→ **Your assignment**
Print the data below exactly as it stands, and keep the pictures out.

→ **Information supplied**
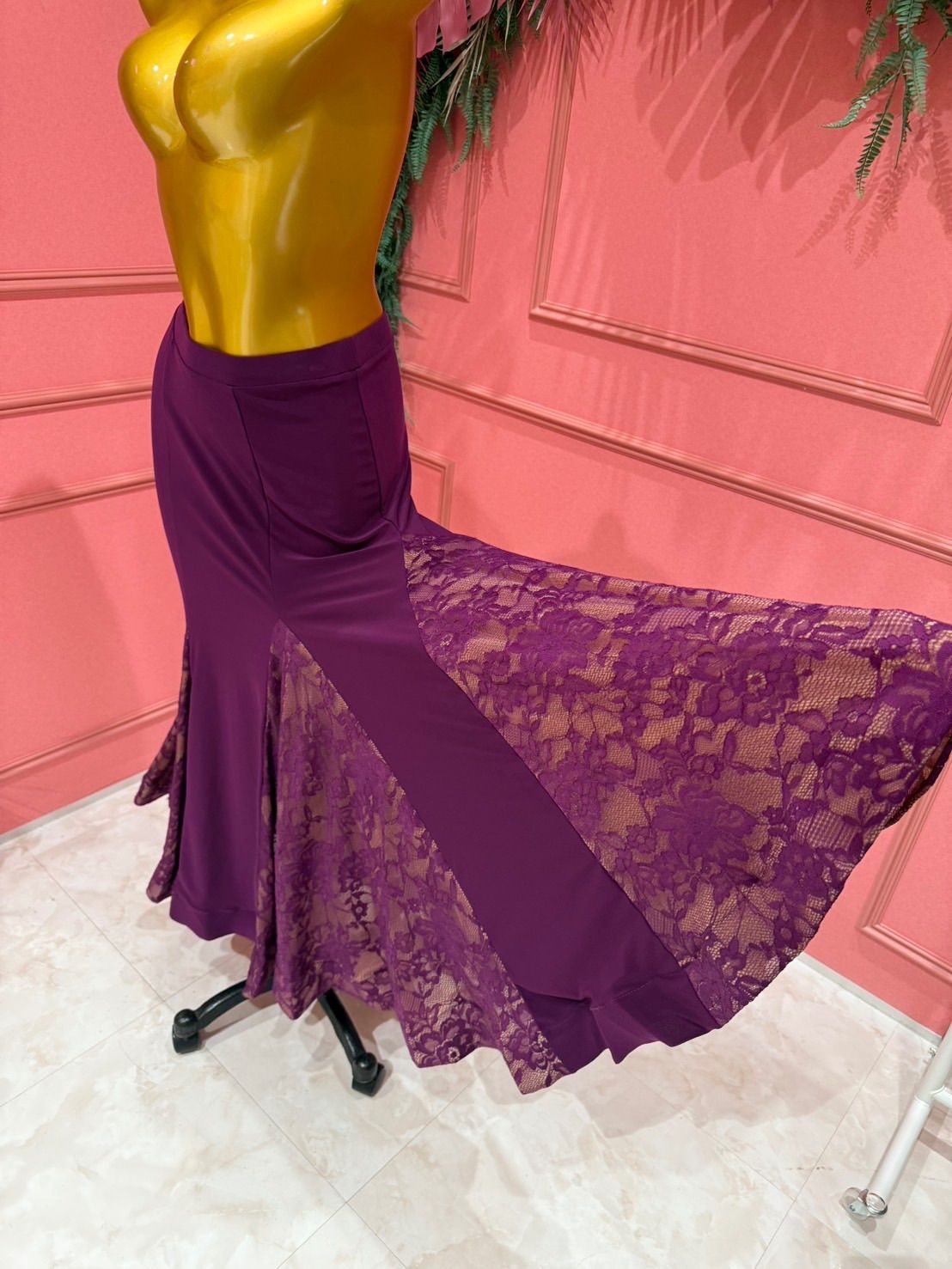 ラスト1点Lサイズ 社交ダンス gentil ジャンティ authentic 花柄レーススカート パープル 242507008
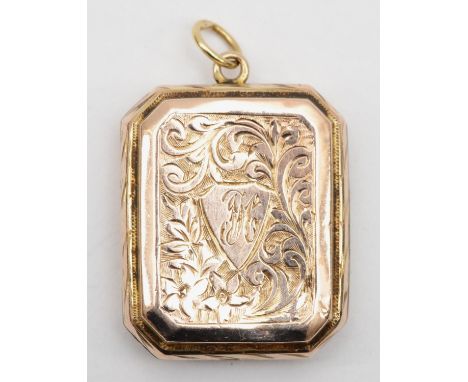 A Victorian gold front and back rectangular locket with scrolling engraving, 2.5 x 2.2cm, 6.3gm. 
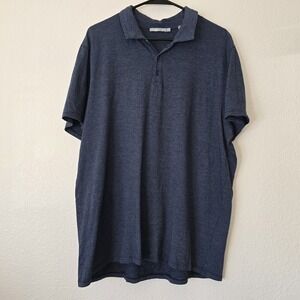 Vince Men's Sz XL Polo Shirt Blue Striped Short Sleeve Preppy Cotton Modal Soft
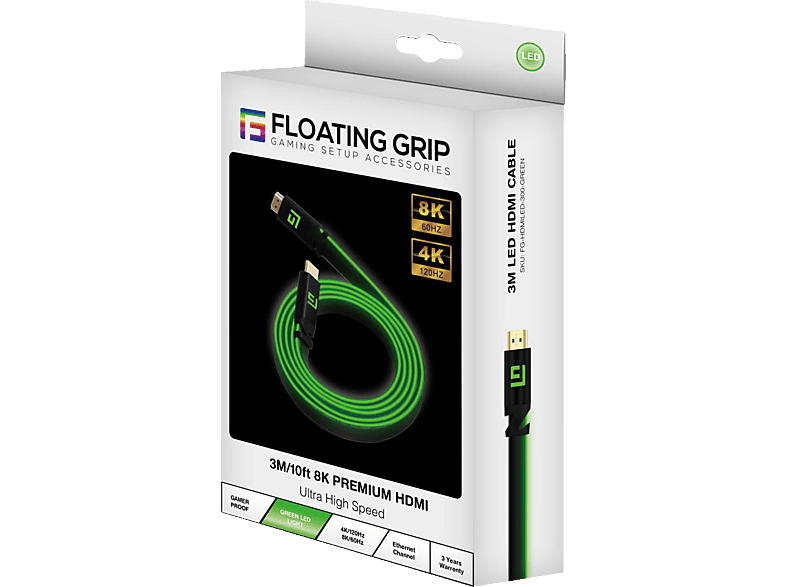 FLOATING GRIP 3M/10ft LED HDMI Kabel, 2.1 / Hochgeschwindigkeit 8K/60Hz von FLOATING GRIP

→ **Exercise response**
 ラスト1点Lサイズ 社交ダンス gentil ジャンティ authentic 花柄レーススカート パープル 242507008
 A Victorian gold front and back rectangular locket with scrolling engraving, 2.5 x 2.2cm, 6.3gm. 
 Vince Men's Sz XL Polo Shirt Blue Striped Short Sleeve Preppy Cotton Modal Soft
 FLOATING GRIP 3M/10ft LED HDMI Kabel, 2.1 / Hochgeschwindigkeit 8K/60Hz von FLOATING GRIP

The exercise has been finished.